There is, of course, the fact
that, when Oroonoko learns of Imoinda's pregnancy and becomes increasingly
anxious for his and his family's freedom, an immediate recourse is to offer
Trefy "a vast quantify of Slaves" in exchange for former’s liberation
(40). Even more surprising is the fact
that Oroonoko seems to posit slaves as weak, as "he accus'd himself of
having suffer'd Slavery so long; yet he charged that weakness on Love
alone" (42). Implied here is the
idea that slaves are somehow complicit in their captivity, a view that would
certainly do little to engender empathy in Behn's early audiences. This is reinforced when Oroonoko and the
other slaves are overcome by the white militia, and only he, Imoinda, and
Tuscan continue to resist. The actions
of his fellow escapees render Oroonoko “asham’d of what he had done, in
endeavoring to make those Free, who were by Nature Slaves” (56). The notion that individuals possessed by a fear
for their lives or those of their family, which, if a weakness, is certainly a
very common, very human one, deserve to live those lives in servitude to others,
would unlikely be of any efficacy in creating anti-slavery sentiment; it
suggests that slaves are only such because unwilling to risk their lives for
their freedom and are, if Oronooko himself is to be believed, therefore fit to
be slaves. Behn, then, through her
representation of Oronooko’s own views of slavery, speaks less of the injustice
of enslaving human beings than of the injustice of enslaving human beings of a
certain caliber. Even the title of the
novella suggests as much: This is not a story of slaves or of slavery, but of a special slave, a royal slave.
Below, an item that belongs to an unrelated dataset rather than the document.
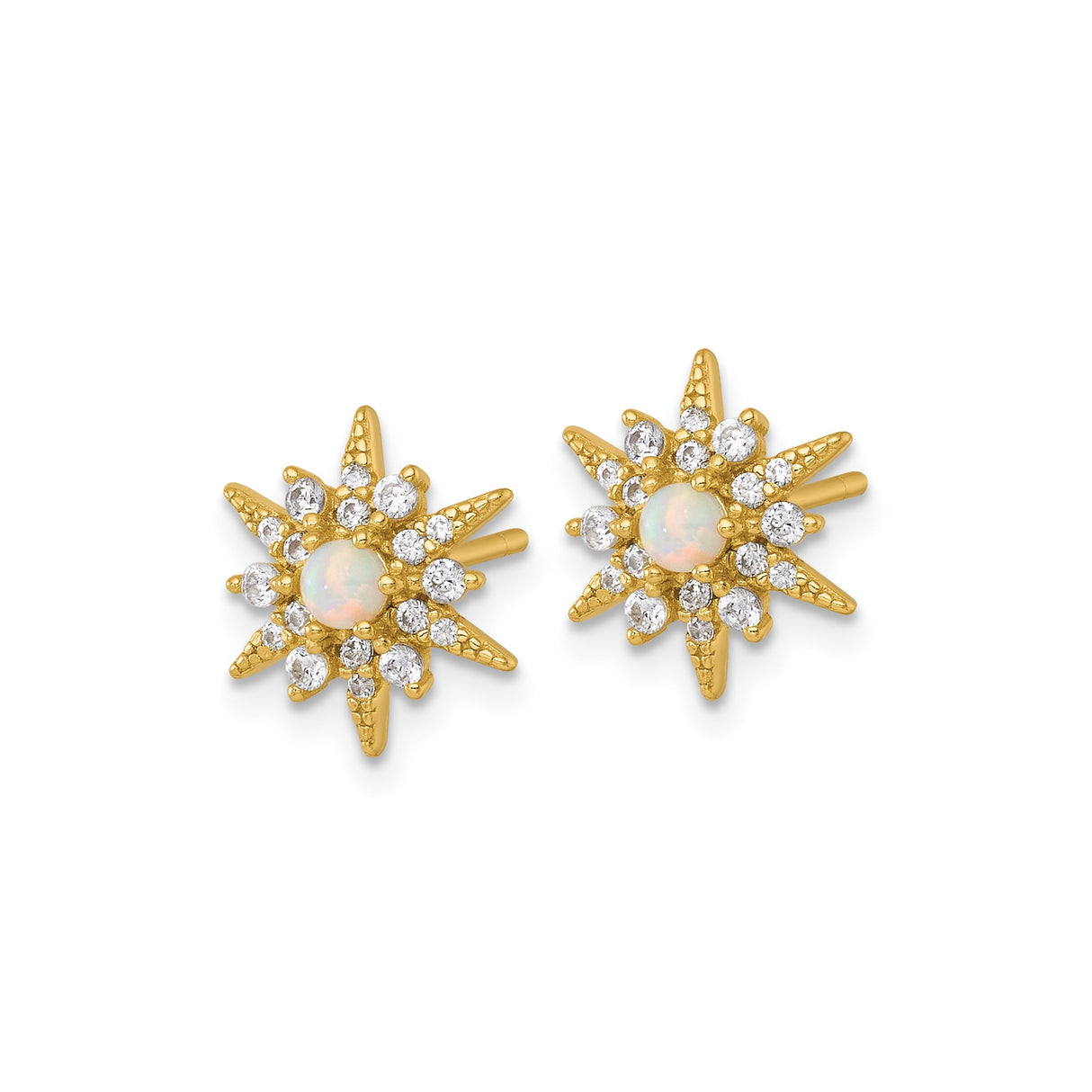 Sterling Silver Starburst Stud Earrings with Lab Created Opal and Cubic Zirconia, Sun Motif Design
Julia, you make a very interesting argument here, and it is summed up nicely in your final sentence: "This is not a story of slaves or of slavery, but of a special slave, a royal slave." I thought about the aspect on whether or not Behn was arguing against slavery for through the course of my reading. The fact is that Oronooko did have slaves, and thus the honor in the tale only works for those who deserve to be honored. Moreover, the narrator implicates that he deserved to be honored because he was so much like Westerners--he wasn't "barbaric" (30). Still, I wonder if the simple explanation you gave in the opening of your post could be pressured a bit more to suggest that Behn was reluctant to more aggressively condemn enslavement (i.e. perhaps by making Oronooko an African with no royal blood line) because of the constraints she faced as a female writer experimenting with this new form of literature.